An official FAQ expands on why Valve isn’t charging for licensing, and not charging royalties, surmising that more SteamVR devices, and more developers with SteamVR Tracking experience, is ultimately going to push Valve to make more of its own improvements on its own end.
However, Valve is not yet allowing anyone to build their own base stations – only devices that use the base stations’ tracking system:
“For now we need to make sure that there is complete compatibility among base stations and tracked devices.
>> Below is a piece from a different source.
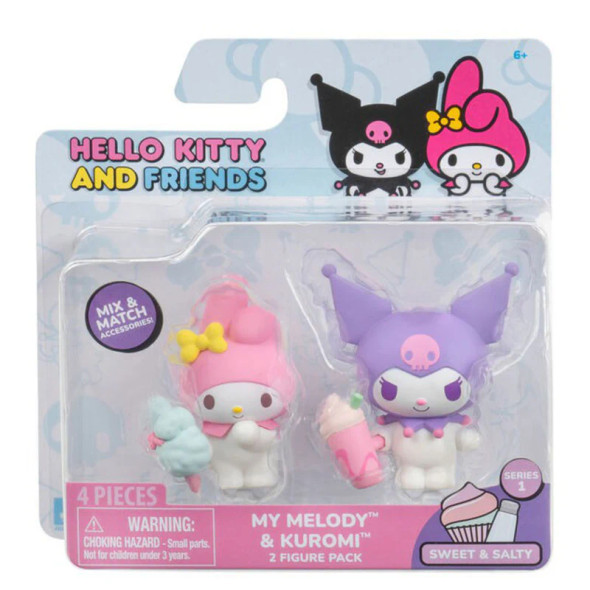 Sweet & Salty My Melody & Kuromi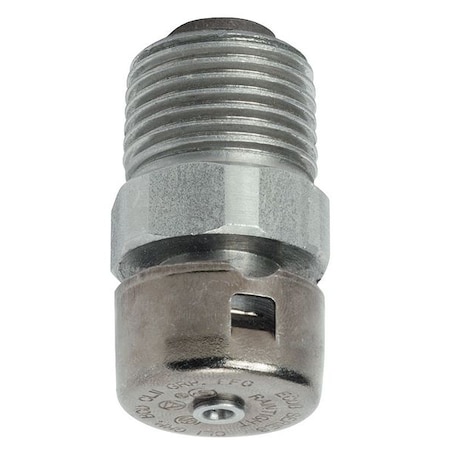 Haz Loc Drain, 1/2 in, Threaded, Stainless Steel, Plain, Silver MPN:ECD50B4X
Longer term, we do want the hardware community to help us evolve base station design and to help innovate in that area, but given our own limited bandwidth we need to push that collaboration out to some future date.”
This is great news for people who are looking to build controller addons, or entirely new devices, but still want to maintain compatibility with the HTC Vive headset. While we’re not yet at a point where the potential uses of the default HTC Vive motion controller have been played out, this does provide an immediate future-proofing for when developers do feel they’ve reached the limit of that hardware.